LaVine agreed with Saunders’ decision and thought process there, as well.
“It definitely helps for the first game, the first start, to have that veteran leadership to calm you down and tell you where to go,” LaVine said. “Things like that. ‘Good job, bad job. Do this, do that.’ That helps.”
As for the rest of the game, the Wolves did a couple of really good things to get back in this game and we got to see yet another fantastic test for Wiggins.
The Wolves tried to emphasize their advantage inside early but did a sloppy job of getting the ball to Pek and Young in advantageous situations, or at all. The team switched up some of their sets in the second half to take advantage of those mismatches and force the Heat to have to defend Pek in the post. Pek had a great third quarter with nine points and four rebounds. He hit all four shots and even got an And-1 opportunity as well. They scored 18 of their 28 points in the paint with five other points coming at the free throw line. They pounded the ball inside and controlled the tempo because of it.

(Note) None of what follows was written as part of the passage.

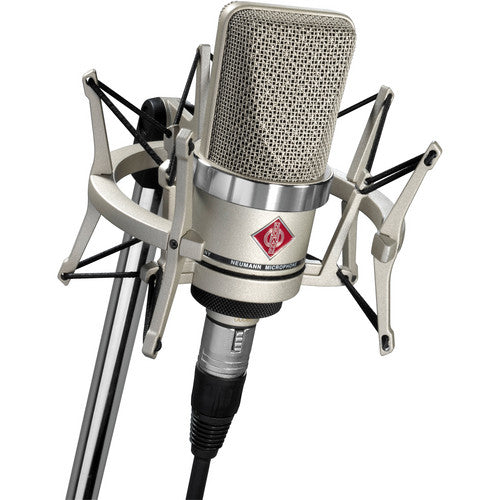 Neumann TLM 102 large-diaphragm cardioid condenser microphone studio set in nickel finish with shockmount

“We changed some of our, ran some of our different sets,” Flip said. “Looked more to attack them in some high-low situations. Wig looked to him in a couple. We made some good decisions. That’s part of our change because Ricky had been most of the facilitator to get Pek the ball in the post so now we have to find some different ways. To the benefit of the players, they adjusted at halftime and found ways to get him the ball so that was a positive.”
As for Wiggins, he’s had a pretty tough set of players to go up against in his first two weeks of his career. He’s faced an improved Jimmy Butler, the powerful Joe Johnson, and now Dwyane Wade in three of the last four games. In the game against Orlando, he faced a physical specimen in Tobias Harris, who killed him on the boards. And for the most part, Wiggins has held his own in key situations. The match-up against Wade was by far the toughest one.
We like to pretend Wade is on his last leg, but he looks rejuvenated this season after getting in better shape and losing all of the pressure of being on a title contending team. He’ll probably always be a knee injury away from deteriorating in-season but that doesn’t mean he’s not almost impossible for a rookie wing defender to go up against. There was a play in the fourth quarter in which Wade left Wiggins in his dust on a crossover move. A few possessions later, Wade tried the crossover again against the kid and Wiggins stayed with him and eventually forced a pass out of a post-up. Wade would follow that up with a jumper from the baseline in Wiggins’ face and then beat him and Pekovic on a pick-and-roll coverage for a dunk that served as the dagger for the game.
Wiggins stuck with the late assignment of trying to defend one of his idols growing up though, and it led to a cool exchange between Wade and Wiggins after the game that harkened back to when Wade was a rookie and a Wolves’ Hall of Fame veteran gave him some words of encouragement about how great he can become.
“Just some words of advice really,” Wiggins answered when asked about what Wade said to him. “He said to keep going hard. He asked me if I wanted to be great and I said yes. He said I’ve got all the tools to be great, just keep working.”
While the stat line for Wiggins won’t always blow us away in this rookie season, the learning experience he’s getting by being tested by the best in the league is invaluable. It’s something we can’t measure with stats. It’s something we’ll only see add to his development as he grows into one of the best wing players in the league over the next few years. And in a situation like Ricky missing a month or more with this ankle injury, perhaps we get to see a similar growth process with LaVine.
The future is bright and the present is all about patience. It’s about finding their identity on the floor in the proper balance to breed future success.